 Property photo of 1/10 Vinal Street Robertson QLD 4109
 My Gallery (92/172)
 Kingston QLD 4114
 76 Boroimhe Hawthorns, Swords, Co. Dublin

--

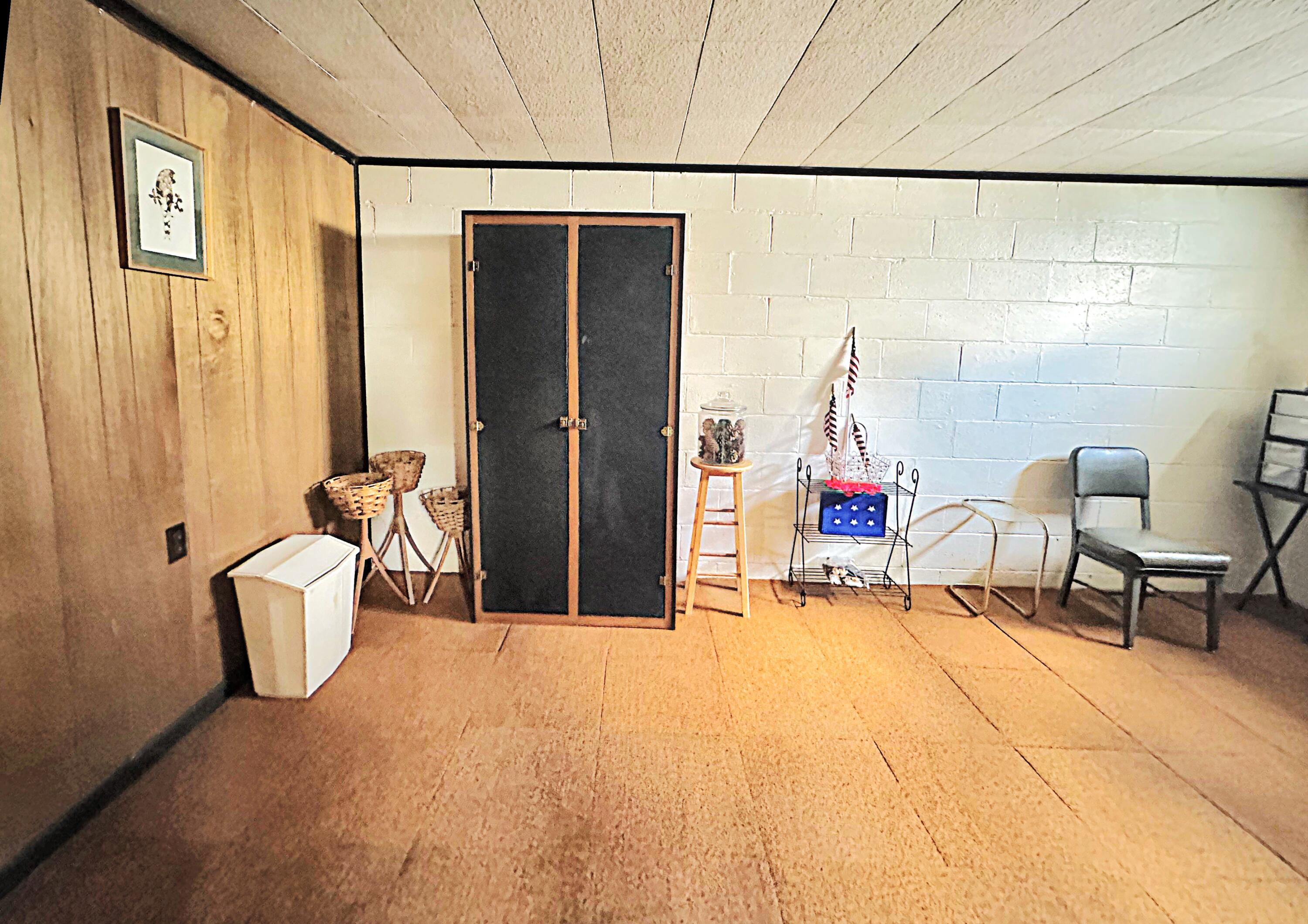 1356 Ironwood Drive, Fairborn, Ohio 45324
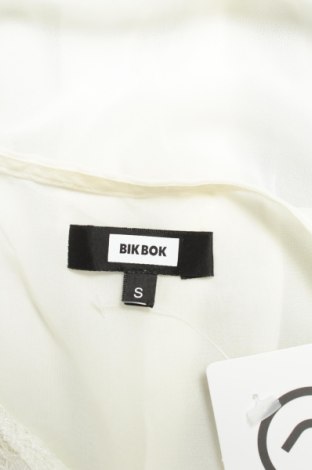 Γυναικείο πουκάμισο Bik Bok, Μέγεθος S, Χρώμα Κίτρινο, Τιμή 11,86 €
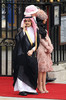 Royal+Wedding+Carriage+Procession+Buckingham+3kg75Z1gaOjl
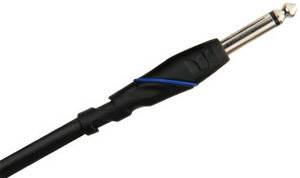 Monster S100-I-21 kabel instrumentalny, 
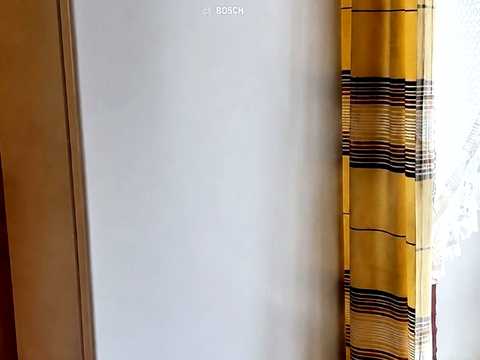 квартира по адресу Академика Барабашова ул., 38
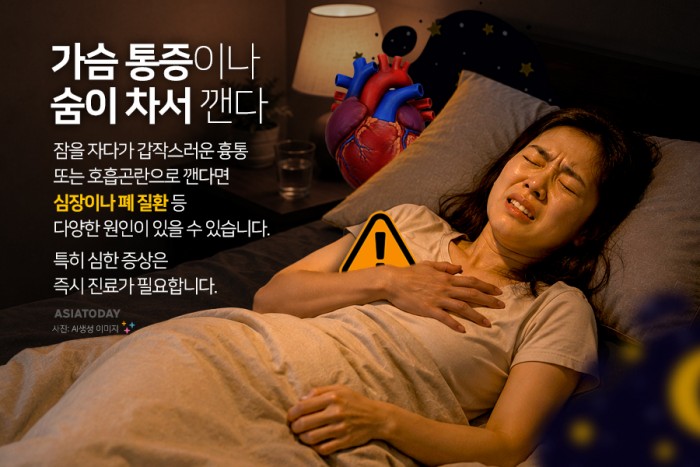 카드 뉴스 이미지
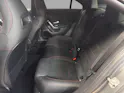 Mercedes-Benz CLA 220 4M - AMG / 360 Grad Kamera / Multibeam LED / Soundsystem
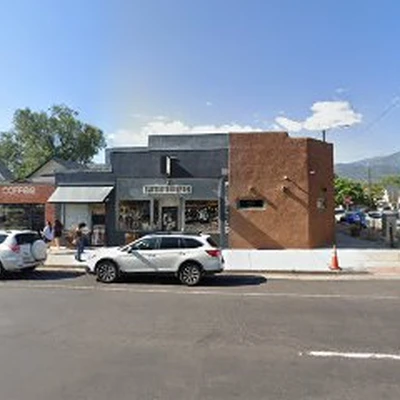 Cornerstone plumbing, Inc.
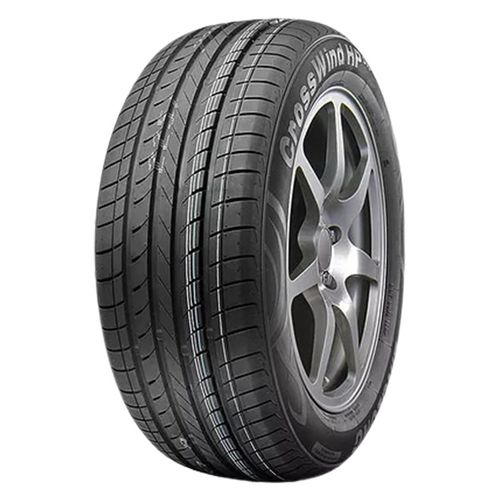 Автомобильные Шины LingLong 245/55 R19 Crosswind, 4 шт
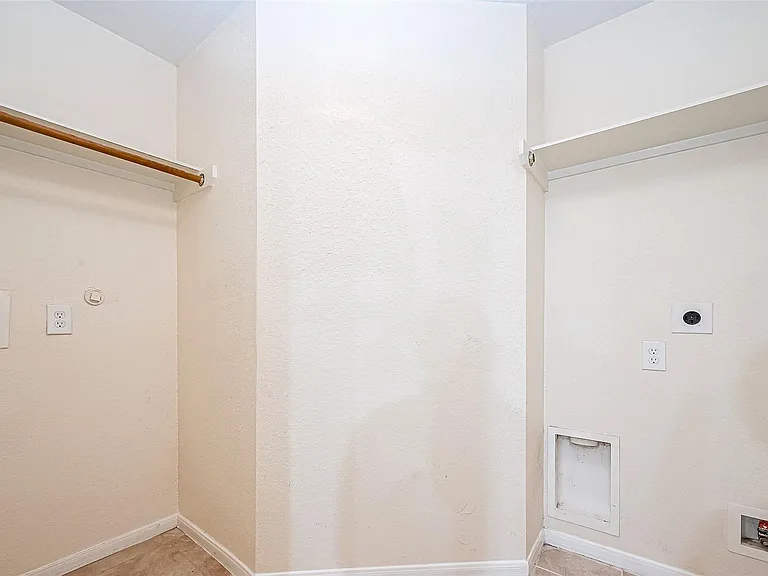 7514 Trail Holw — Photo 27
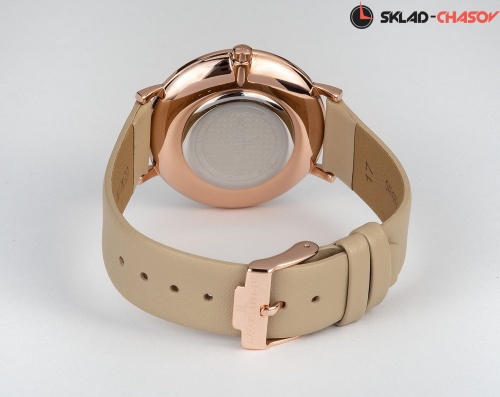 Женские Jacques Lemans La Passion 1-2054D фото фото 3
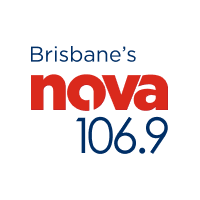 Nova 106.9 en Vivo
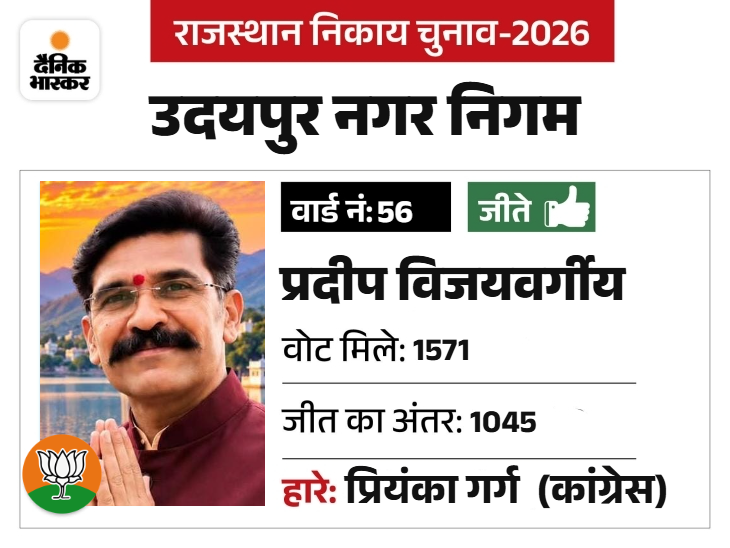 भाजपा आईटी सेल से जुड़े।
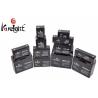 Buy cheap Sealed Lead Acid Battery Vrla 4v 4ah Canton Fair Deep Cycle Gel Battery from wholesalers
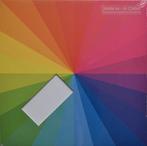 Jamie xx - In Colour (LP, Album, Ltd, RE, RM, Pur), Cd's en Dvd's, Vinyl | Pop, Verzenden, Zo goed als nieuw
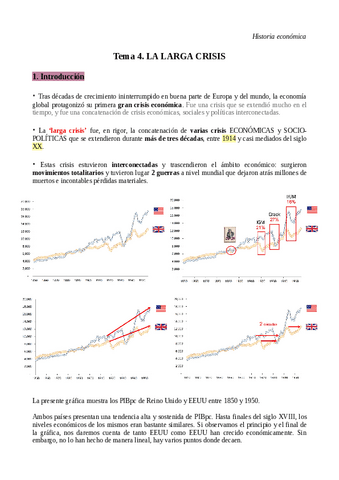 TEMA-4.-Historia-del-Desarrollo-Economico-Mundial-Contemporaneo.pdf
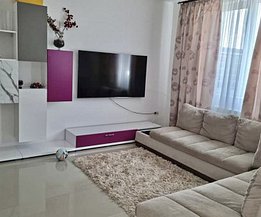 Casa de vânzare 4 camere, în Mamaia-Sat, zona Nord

==

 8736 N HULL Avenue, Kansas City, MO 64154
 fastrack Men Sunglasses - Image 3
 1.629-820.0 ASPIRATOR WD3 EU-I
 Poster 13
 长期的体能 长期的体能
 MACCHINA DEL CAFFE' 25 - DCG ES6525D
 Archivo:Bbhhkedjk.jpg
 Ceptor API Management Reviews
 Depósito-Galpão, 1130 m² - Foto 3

**WORK TO COMPLETE**
Write out, from the lines above, only those from the line with "Property photo of" to the line with "76 Boroimhe Hawthorns, Swords, Co. Dublin", exactly as given, including the first and the last.

**REPLY**
 Property photo of 1/10 Vinal Street Robertson QLD 4109
 My Gallery (92/172)
 Kingston QLD 4114
 76 Boroimhe Hawthorns, Swords, Co. Dublin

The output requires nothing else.